Asistimos a verdaderos escándalos de diferente naturaleza y calidad, que tienen como denominador común esta impunidad en relación con las responsabilidades de quienes nos gobiernan.
¿La amenaza macartista a los periodistas, por parte de un juez que podría considerarse del grupo de "la servilleta" -como los llamaba un ministro de la década del 90- por la difusión de datos sobre inflación distintos de los del Indec no compromete el accionar oficial? ¿Acaso el secretario de Comercio no es pieza imprescindible del entramado político del oficialismo? ¿La coacción de esta Justicia adicta, que nos recuerda la inolvidable obra de Arthur Miller sobre la "caza de brujas", no merece sanción social y efectiva?
El accidente de tren en la estación Flores, accidente de aquellos que se consideran evitables, en el que murieron 11 personas y hubo centenares de heridos, fue interpretado en la versión compartida oficial y de TBA como una cuestión determinada básicamente por una imprudencia humana. ¿No tendría que responder el Gobierno por los numerosos anuncios y por la inauguración de obras para el soterramiento de las vías que realizó en 2008, en el lugar donde ocurrió el accidente? Parecería que estos actos tan promocionados, como en el caso de Tafí Viejo y tantos otros lugares en relación con el ferrocarril, comienzan y terminan con las inauguraciones.
La absolución de 18 imputados por el contrabando de armas a Croacia y Ecuador no parece ser considerada un escándalo de corrupción e impunidad, más aún cuando esos hechos sugieren alguna vinculación interna con la explosión de Río Tercero. ¿No tendría que dar una explicación el Gobierno sobre el manto protector que impulsa hacia su actual aliado político Carlos Menem, nuevamente con la ayuda de la Justicia adicta?
Hace pocas semanas se cumplieron cinco años de la desaparición de Julio López: no hay ninguna línea de investigación cierta, no hay ningún imputado. El gobierno que se autoproclama defensor de los derechos humanos no consideró el tema de su incumbencia. La inacción, indiferencia y silencio caracterizaron su actitud.
¿Los 14 asesinados por el accionar de las patotas paraestatales y las fuerzas represivas en el último año no son un dramático ejemplo de la impunidad con que el gobierno nacional y los gobiernos locales aplican la criminalización de la pobreza y de la protesta social? ¿Quedará también impune la violenta detención de un dirigente de los trabajadores ferroviarios enfrentado a la conducción nada menos que de Pedraza?

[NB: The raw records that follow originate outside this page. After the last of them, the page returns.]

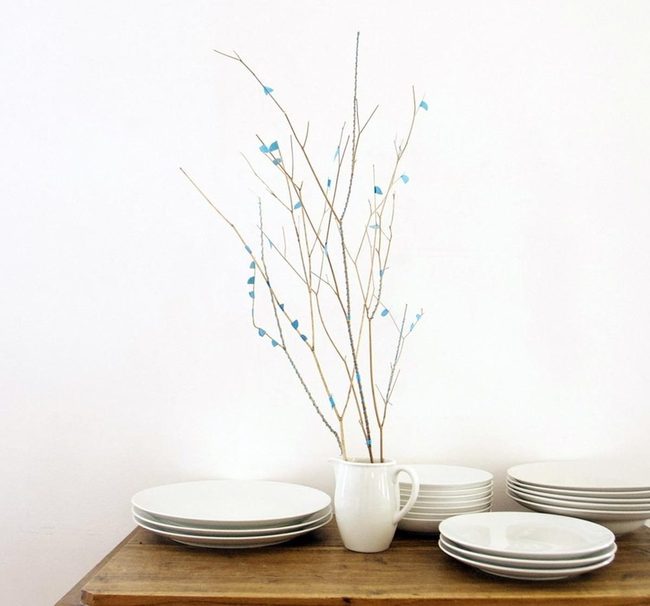 Neutral Plates, Natural Wood Simplicity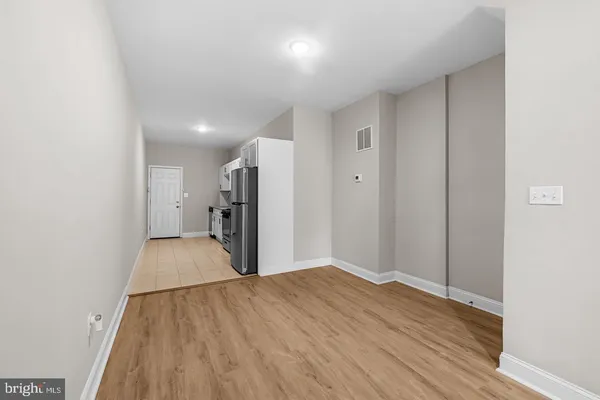 $1,500 | 1605 Clifton Avenue, Baltimore, MD 21217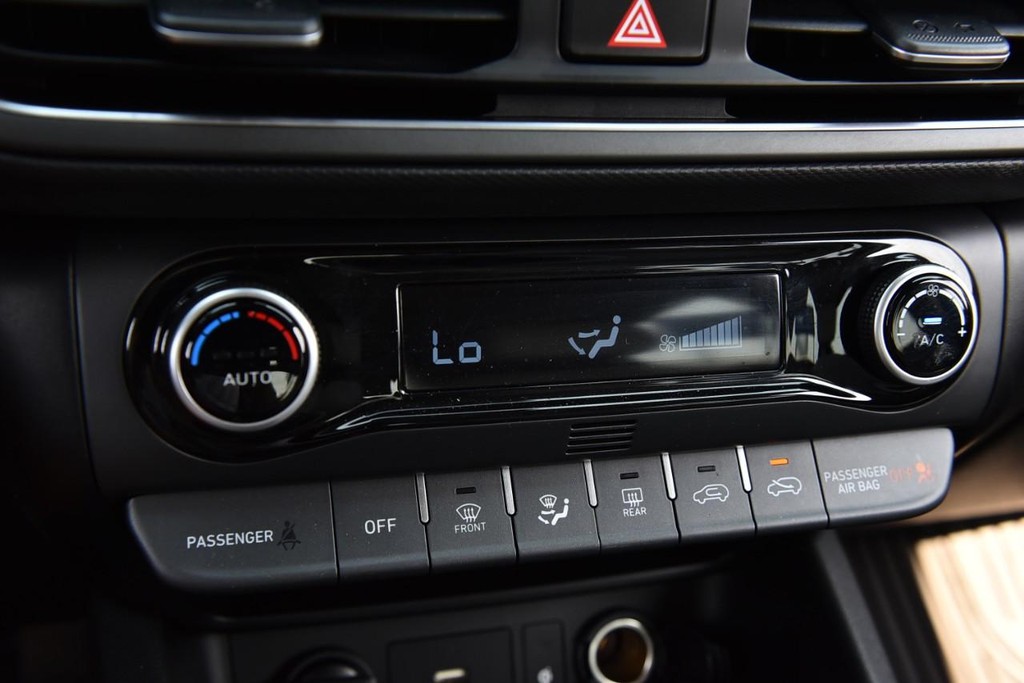 Hyundai Kona Vehicle Image 14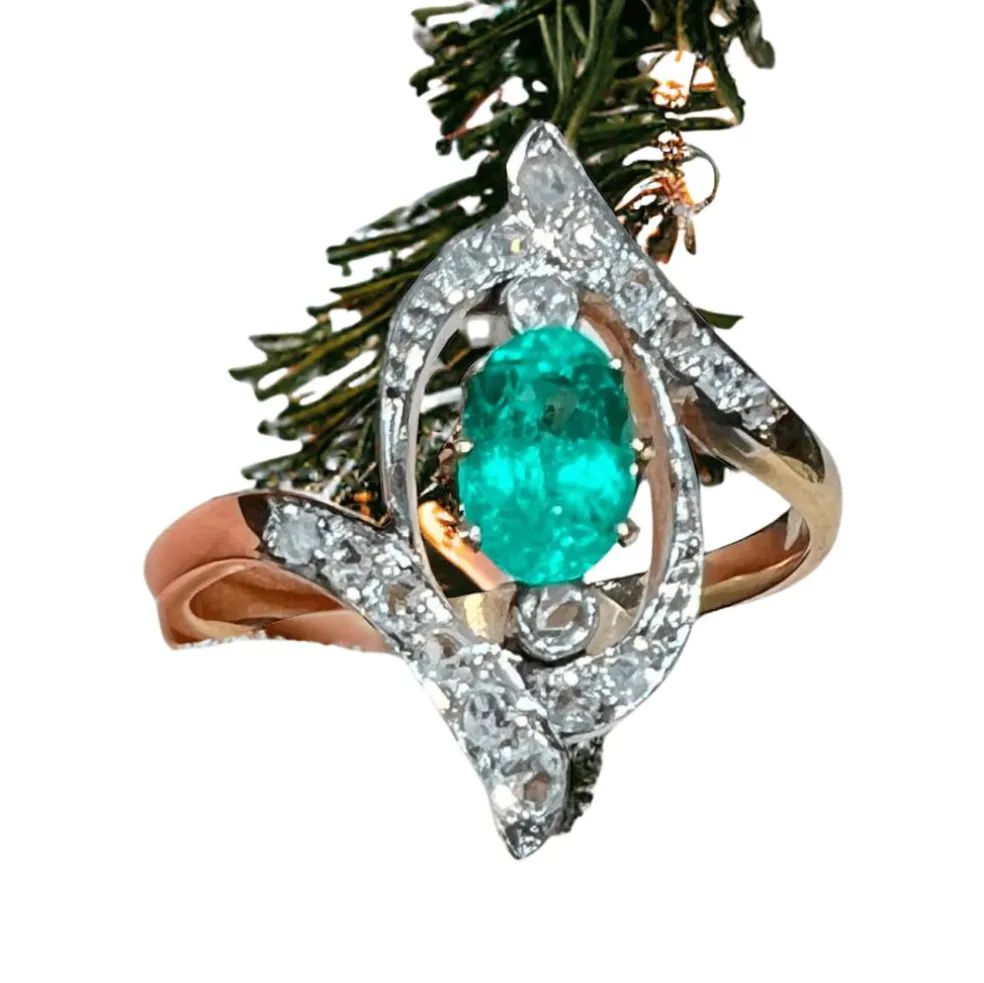 Bague émeraude et "roses"diamants, fin XIX ème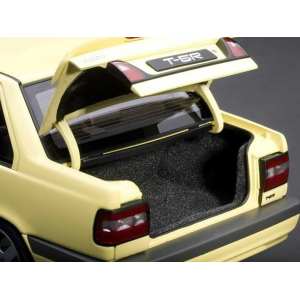 1/18 Volvo 850 T-5R Yellow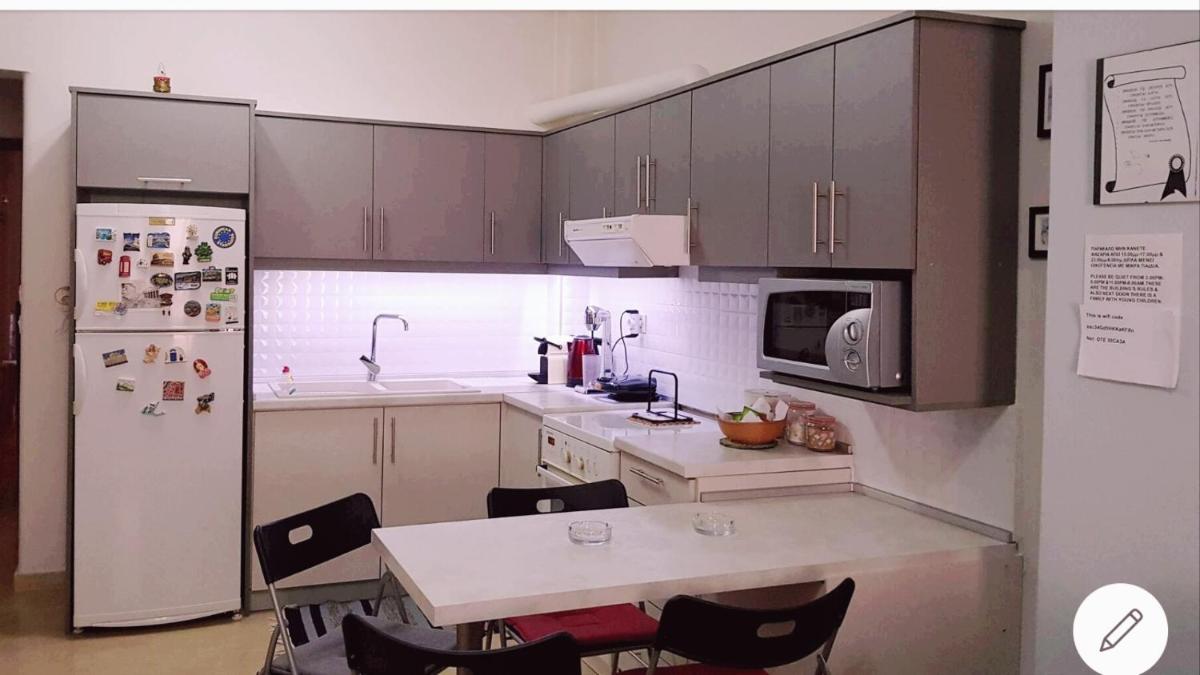 Kelly's home sweet home - Housity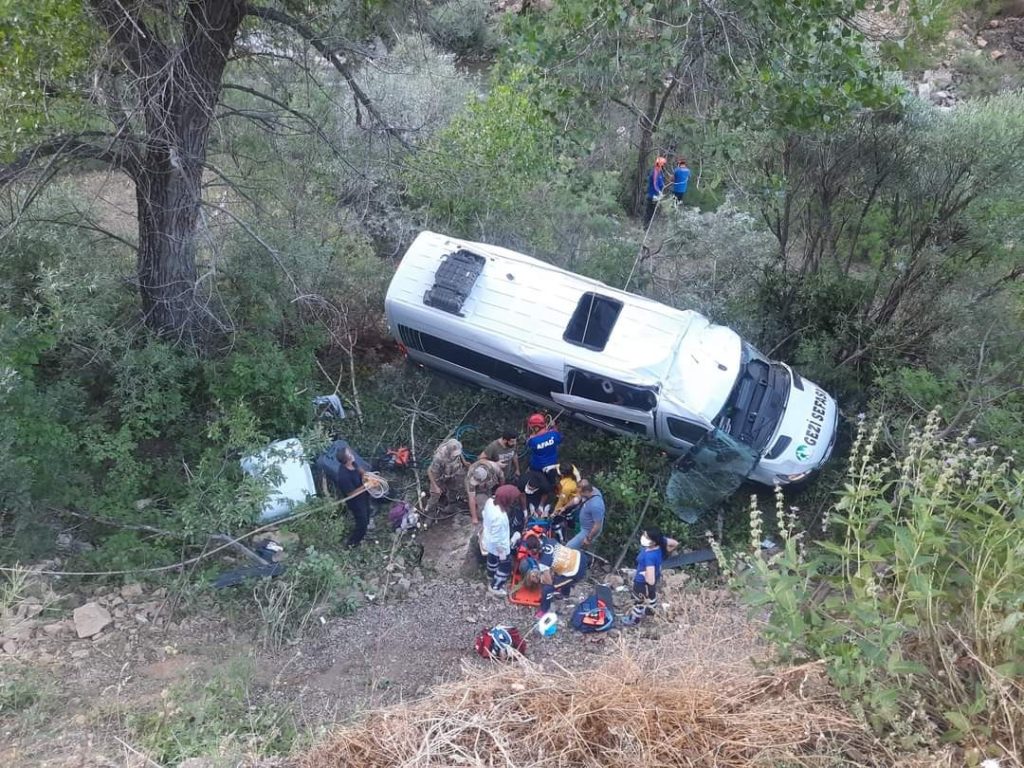 Tunceli’de tur minibüsü  uçuruma yuvarlandı: 18 yaralı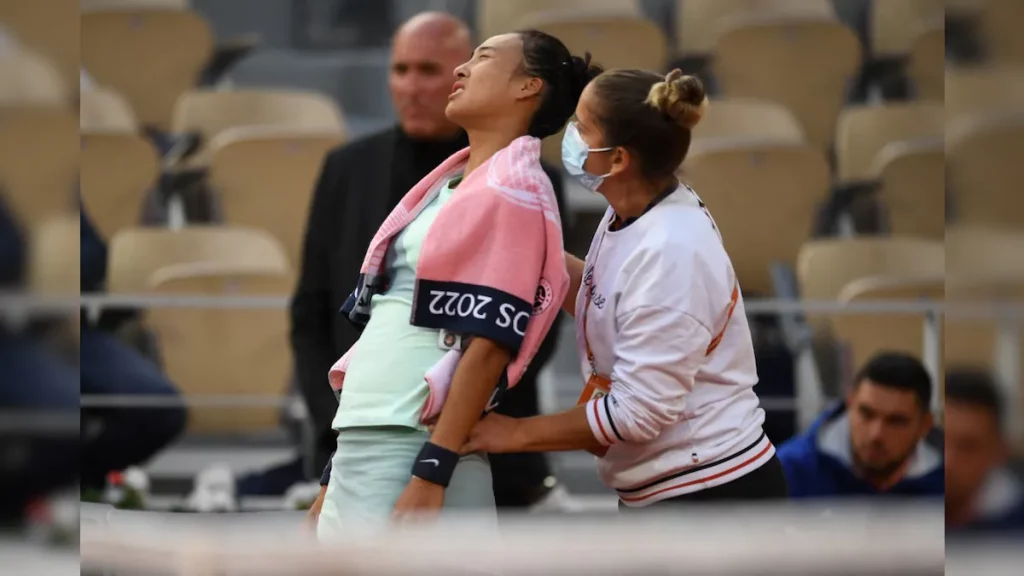 „Bárcsak férfi lennék” – mondja Cheng Qinwen, miközben gyomorgörcsök fejezik be a France Openen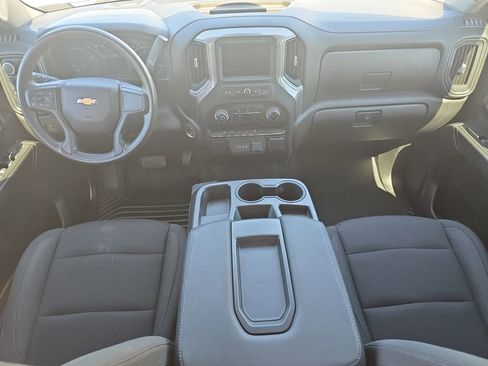 Used 2023 Chevrolet Silverado 1500 Custom image 9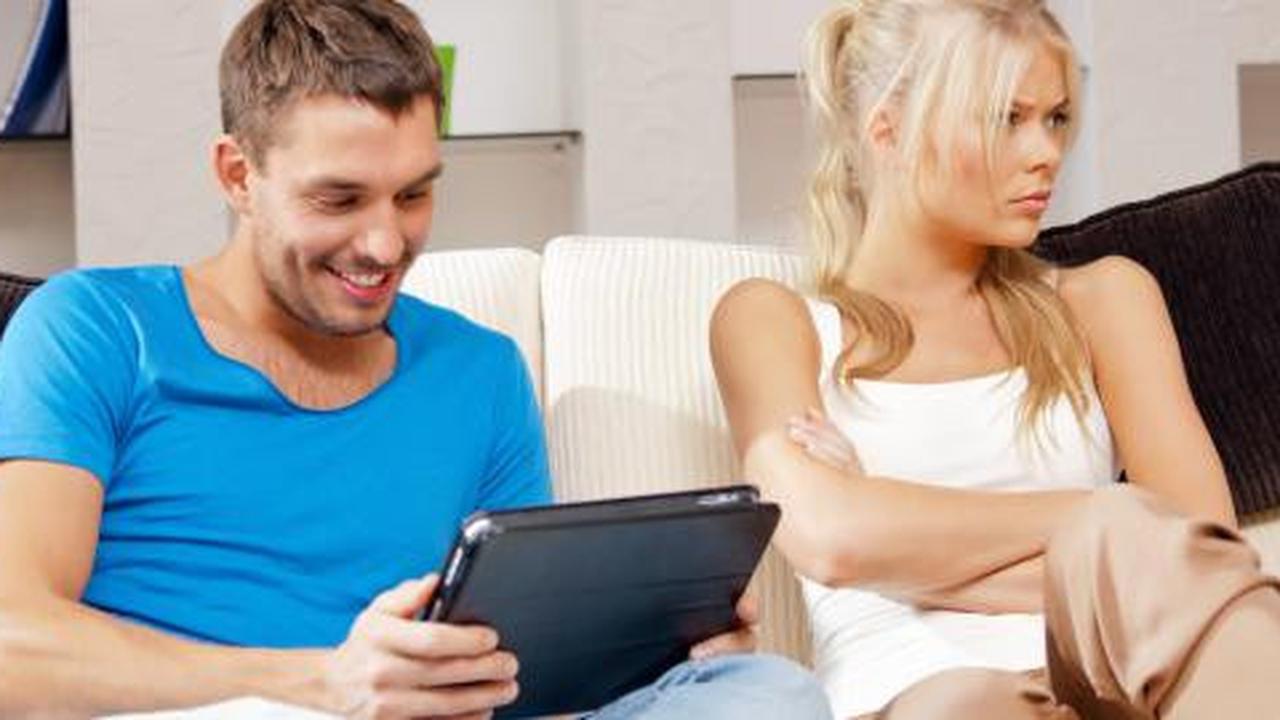 7 Tips bikin mantan cemburu berat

Mientras tanto, dolorosamente, asistimos a la exhibición, en episodios, de los negociados que involucran a Schoklender, la Fundación Madres de Plaza de Mayo y al gobierno nacional. ¿No tendría el Gobierno que explicar al pueblo argentino sobre el manejo discrecional de los fondos para obras públicas?
Estos temas no parecen guardar relación. Sin embargo, el hilo que los hilvana es la impunidad. Y vale la pena que recordemos que ésta no configura un delito privado, sino un abandono de la función de garante que tiene que cumplir el Estado. Pero el Gobierno no se siente interpelado, no considera su obligación dar cuenta de hechos en los que tiene un papel protagónico.
No se propone siquiera afrontar un debate, dar alguna explicación o, eventualmente, relevar a algún ministro. Por el contrario, los ministros se colocan en denunciantes de una malintencionada campaña contra el gobierno "nacional y popular". Toda exigencia de esclarecimiento y justicia sólo recibe como respuesta la acusación de ser parte de la campaña de desprestigio orquestada desde el Grupo Clarín.
Nuestra Presidenta maneja un discurso épico en el que pretende presentarse como vocera de una nueva ética de lo social. Pero no se siente aludida por la vigencia de la impunidad, de la cual tiene la responsabilidad principal. Por el contrario, su gobierno la naturaliza en verdaderos ejercicios de gatopardismo.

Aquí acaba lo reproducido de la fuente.